The M'Clure Strait (sometimes rendered McClure Strait) is a strait on the edge of the Canadian Northwest Territories. It forms the northwestern end of the Parry Channel which extends east all the way to Baffin Bay and is thus a possible route for the Northwest Passage. The strait was named for Robert McClure, an Irish Arctic explorer serving in the Royal Navy. He was the first man to traverse the North-West Passage (by boat and sledge).
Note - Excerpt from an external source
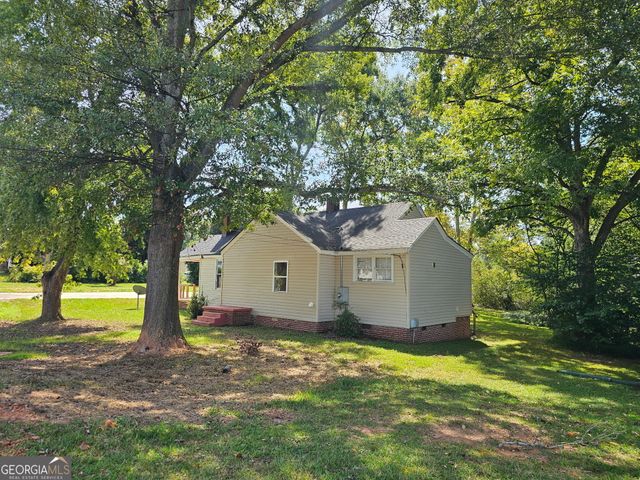 846 Benson Street, Hartwell, GA 30643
The strait connects the Beaufort Sea in the west with Viscount Melville Sound in the east. It is bounded by Prince Patrick Island, Eglinton Island and Melville Island on the north and Banks Island on the south. As the strait is chronically blocked with thick ice, it is usually impassable to ships; in 1969, the United States-registered tanker SS Manhattan was freed from the ice by a Canadian icebreaker, and forced to travel through Canadian territorial waters to complete its westward passage. Ice prevented Manhattan from going through McClure Strait so the vessel sailed through the Prince of Wales Strait. There is a dispute between Canada and the United States over the waters of the Arctic Islands, other than those within 12 mi of shore.

The M'Clure Strait became fully open (ice-free) in early August 2007, and again in August 2008. The European Space Agency reported that the Arctic's Northwest Passage opened up fully sea ice free, clearing a lane through the northern section of the historically impassable route between Europe and Asia.

At 15.33Z on August 29, 2012, the purpose-built Polar Bound under the command of David Scott Cowper with Jane Maufe as crew, was the first private yacht to pass through the strait. Shortly thereafter, the Hallberg-Rassy sailboat Belzebub II, with three sailors aboard, became the first sailboat to travel the route.

The M'Clure Strait lies within the M'Clure Rift which forms the western end of the Parry Submarine Rift Valley. It is considered an incipient rift zone because little extensional tectonism has taken place on it and no oceanic crust occurs in the middle of the strait.